Thankfully there seems to be genuine intent on the part of many financial institutions to take action to reduce their gender pay gap. There are no quick fixes but Delivering through Diversity, a report by McKinsey, highlights four imperatives:

A compelling CEO’s vision for greater gender – and cultural – balance with management accountability built in

  1. Clarity around how the vision will support the growth strategy of the business, with metrics to back this up
  2. A portfolio of initiatives centered on creating a more inclusive culture – think training for leaders
  3. Tailored for impact – local adaption, i.e. make it meaningful on the ground


While companies grapple with that, what can women do to help themselves and those who will come after us?

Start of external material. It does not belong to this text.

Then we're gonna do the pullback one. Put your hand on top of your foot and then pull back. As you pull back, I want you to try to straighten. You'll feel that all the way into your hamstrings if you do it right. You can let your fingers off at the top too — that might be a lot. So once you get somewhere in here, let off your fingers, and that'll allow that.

Response 1. Have clear career goals and a plan to reach them

If you’re an aspiring senior leader, then you’ll be interested to know that nine critical job assignments have been identified in order to support the rise to senior leadership. As Ines Wichert’s research highlights, women have historically focused on functional roles; this means that they do not get enough exposure to the types of experience that senior leaders want. The assignments are:

Early-career stretch assignments

  • International experience
  • Operational experience (including P&L responsibility)
  • Create something new (be an intrapreneur)
  • People management
  • Variety: new role/function/industry
  • Change Agent: merging/downsizing
  • Dealing with problems and crisis

Be primed and on the lookout for these roles, especially if you’ve got your sights set on the boardroom, which brings me back to having a career plan. Sadly, working hard and doing a good job won’t ensure your career will automatically progress the way you hope it will. Far better to have short- and long-term goals with a plan of action. Make sure it’s written down, and stick it somewhere you’ll see it regularly. I use an alert on my phone. Ask yourself, Am I making progress towards my ultimate goal? Have I shared my ambitions with those who can help me?

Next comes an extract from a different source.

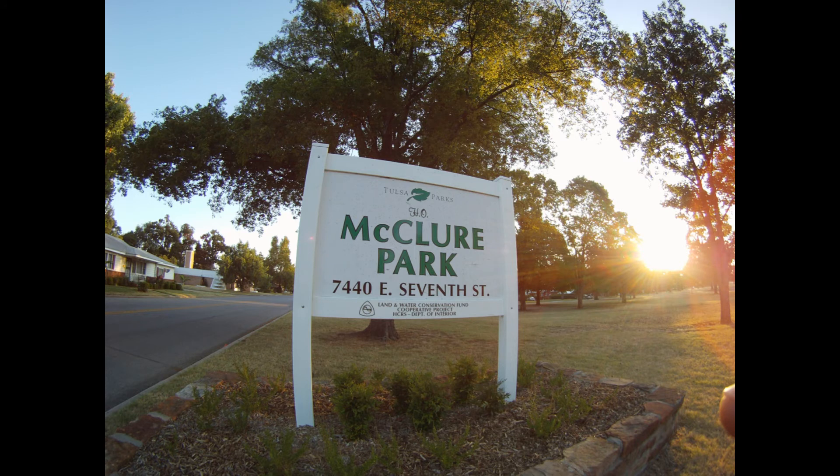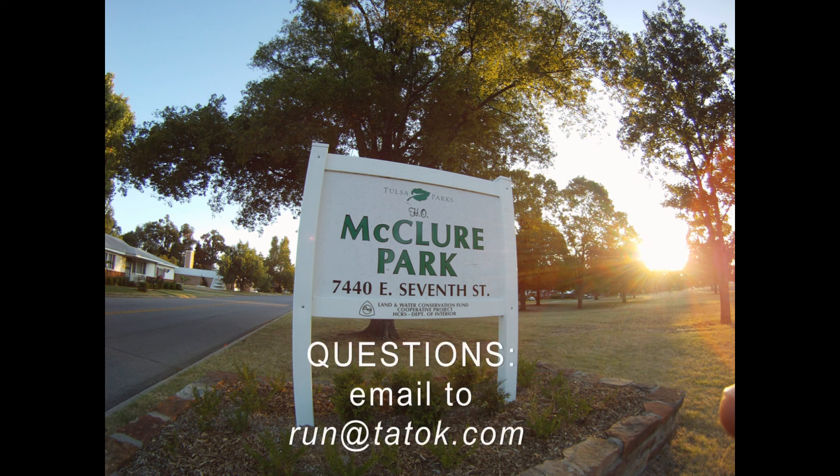The most important part of participating in a triathlon is to have fun. We hope you do that. This video is produced by Tulsa Area Triathletes, Inc. in cooperation with Tulsa Parks Department. If you have any questions, send an email to run at TATOK.com and we'll respond as quickly as we can. Enjoy!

Response 2. Share your plan: present yourself as part of the gender pay gap solution

If your company has a gender pay gap and you’re a woman then, good news: you’re part of the solution! If you have a career plan, share it with senior leadership or your manager and pose it as a solution to their problem: “I know the company wants to improve their gender balance. Can I come and talk to you about how my ambitions might assist with that?”

Now that might sound daunting, but we all “fake it until we make it.” If you’re seen to believe in yourself, it makes others more likely to believe in you too.

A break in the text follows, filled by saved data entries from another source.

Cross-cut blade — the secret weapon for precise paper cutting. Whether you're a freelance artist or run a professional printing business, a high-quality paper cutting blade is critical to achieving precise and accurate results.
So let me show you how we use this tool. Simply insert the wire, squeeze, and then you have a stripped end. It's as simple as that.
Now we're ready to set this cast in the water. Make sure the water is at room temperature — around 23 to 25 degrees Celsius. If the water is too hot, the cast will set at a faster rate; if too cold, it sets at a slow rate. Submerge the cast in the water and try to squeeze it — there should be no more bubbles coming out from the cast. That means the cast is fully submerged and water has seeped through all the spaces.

Be noted for the ambition that you’ve got and the value you bring to the business. Articulate this regularly and to the right people.

And if you aren’t getting the experience you want inside your company, consider applying for a non-executive director role at a charity or an SME alongside your day job. For those in the UK, check out Women On Boards. A modest annual membership fee will give you access to a database of hundreds of board vacancies, along with support to get a board-ready CV together and access to training on Corporate Governance and the like.

Response 3. Get comfortable talking about the numbers

The managing partner of a well-known executive search firm recently explained to me that the way that men and women talk about promotion and pay raises differ. Men talk about size and money – responsibility for a portfolio worth at least £x, leading a department of 25 or more, turning over £x, for a minimum salary of £x. Most women don’t talk this way. We need to get more comfortable talking about money and being clear about what we want – and what we’ve achieved – in quantifiable terms.

If you’ve ever been offered a promotion without a pay rise because it’s an “opportunity” and you’ve taken it, then you have to ask what that says about how much you value yourself. Women ask for pay rises less frequently than men and they ask for less money than men. So get asking!

It’s not about fixing the women, it’s about fixing the system

A number of years ago the head of talent for a global bank said, “We need to stop trying to fix the women. We need to fix the system instead.” She explained that after a couple of decades of women’s leadership training and mentoring programmes they still hadn’t seen a significant change in gender equality in senior leadership. In her opinion, regardless of how talented her top females were, they simply didn’t get an equitable chance to reach the top seats. That needs to change. It is changing. Perhaps not as fast as some would like but I for one am thrilled that we have some data now, thanks to the gender pay gap reporting, to ensure companies are held to account.

In the meantime, you look after you! Aim high. Share your plan, and if you’re asking for a pay rise always ask for double what you want. You’re worth it.